=== Begin Enclosure ===
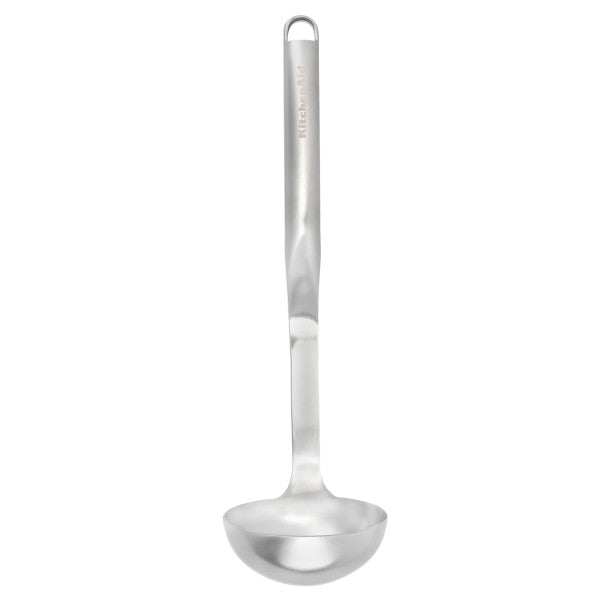 Vá múc canh Thép không gỉ KitchenAid Premium (Nguyên khối)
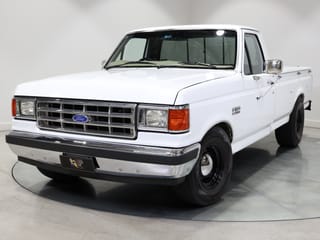 1990 Ford F150 XLT - 460ci Big Block 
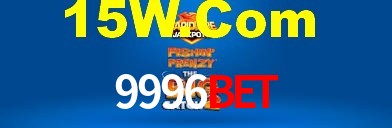 Premium Interface 9996bet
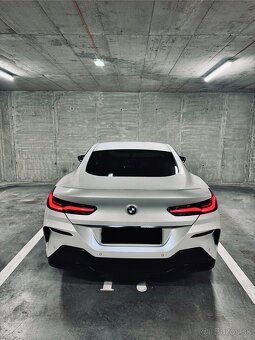 BMW 840d xDrive CARBON CORE - 11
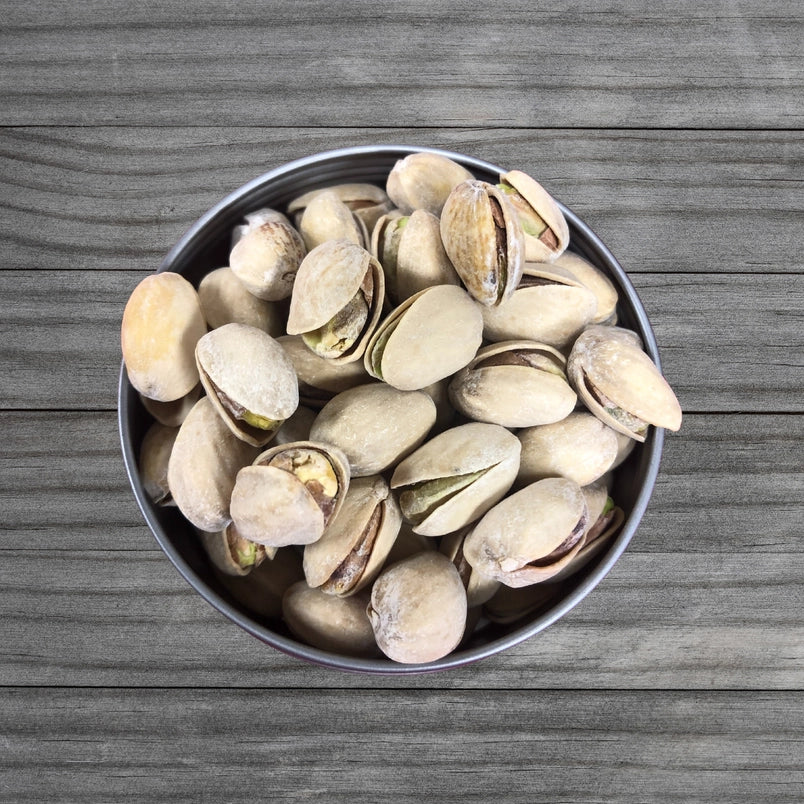 *Nuts - Salted Pistachios
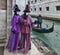 Venetian Disguise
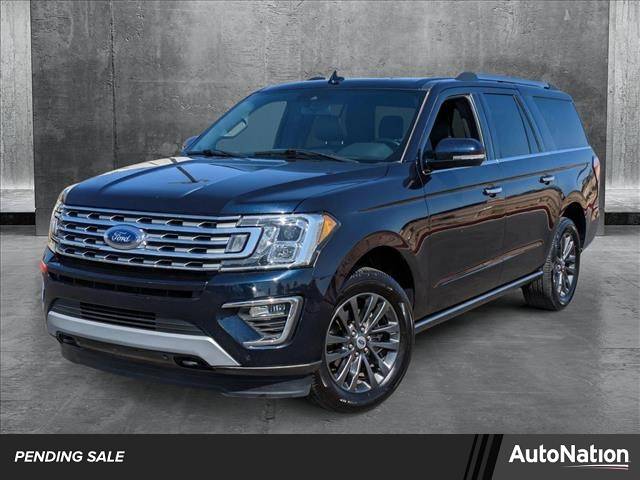 2021 Ford Expedition Limited — SUV — 66,999 mi — Chandler, AZ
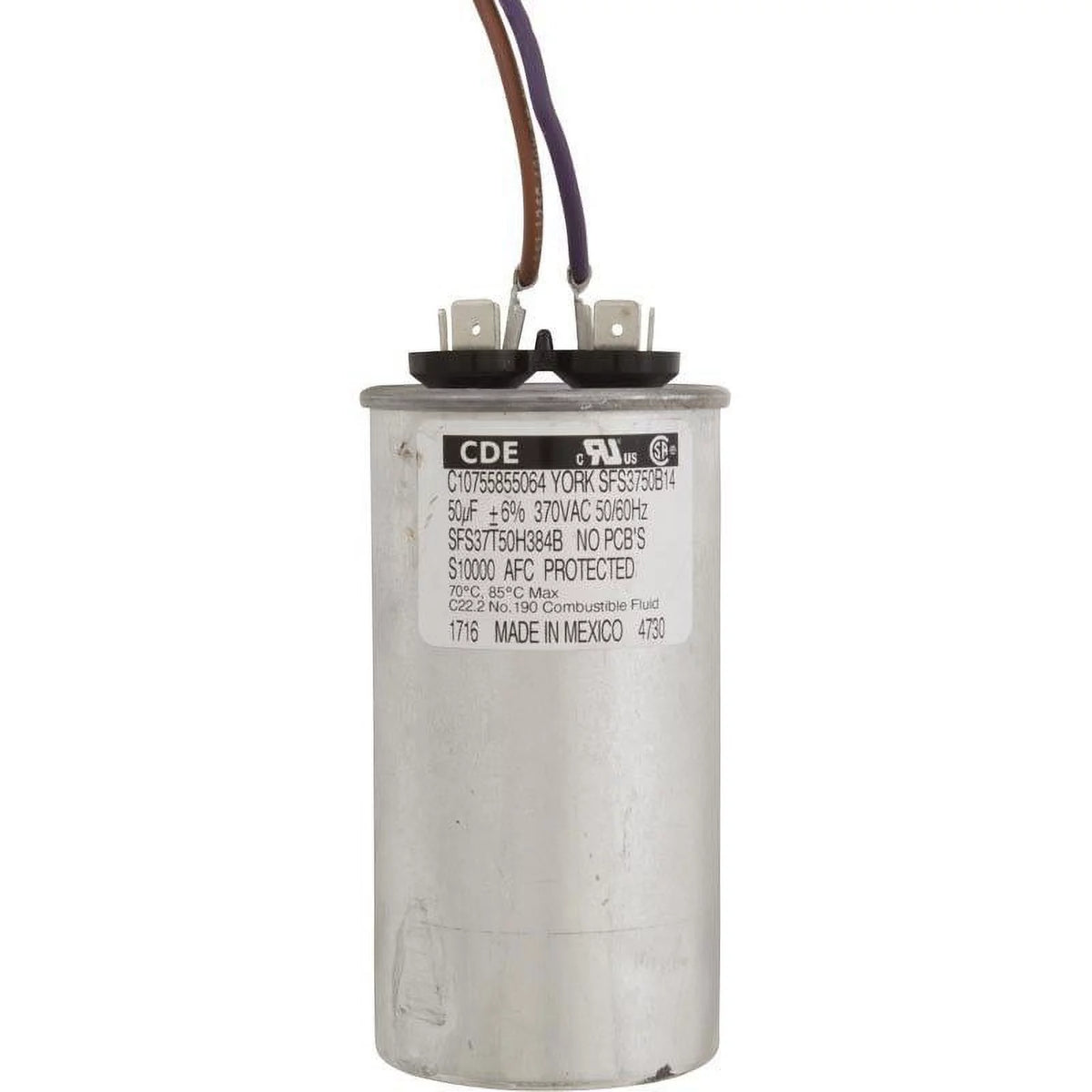 3 HP Dual Speed 230V Spa Pump F9369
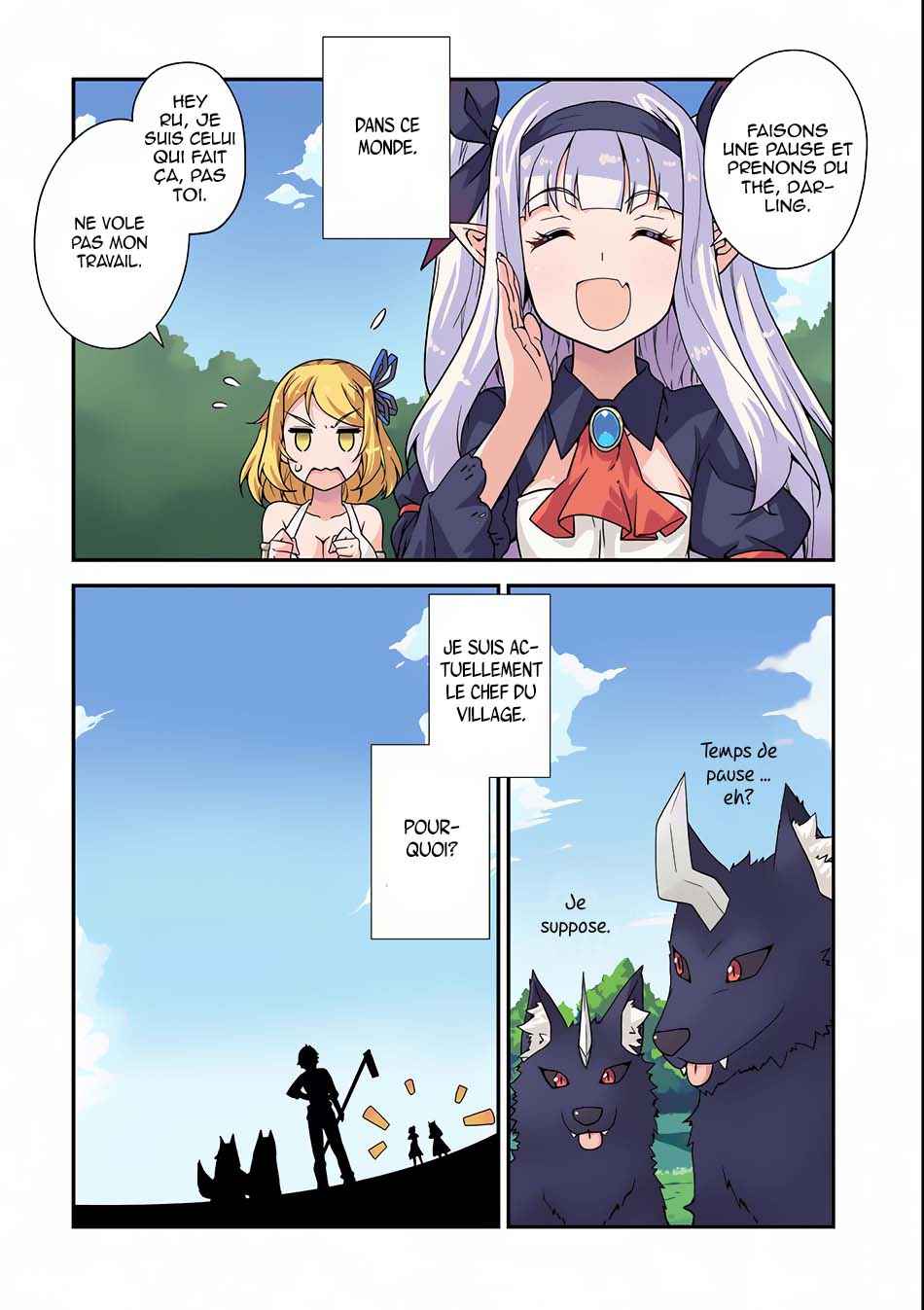 950x1347  Будет ли это величайшим сельскохозяйственным аниме в истории? - Форумы - Myanimelist.net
=== End Enclosure ===
### Description of the task:
Each record must be repeated exactly, and no picture may be carried over.

### Your response:
 Vá múc canh Thép không gỉ KitchenAid Premium (Nguyên khối)
 1990 Ford F150 XLT - 460ci Big Block 
 Premium Interface 9996bet
 BMW 840d xDrive CARBON CORE - 11
 *Nuts - Salted Pistachios
 Venetian Disguise
 2021 Ford Expedition Limited — SUV — 66,999 mi — Chandler, AZ
 3 HP Dual Speed 230V Spa Pump F9369
 950x1347  Будет ли это величайшим сельскохозяйственным аниме в истории? - Форумы - Myanimelist.net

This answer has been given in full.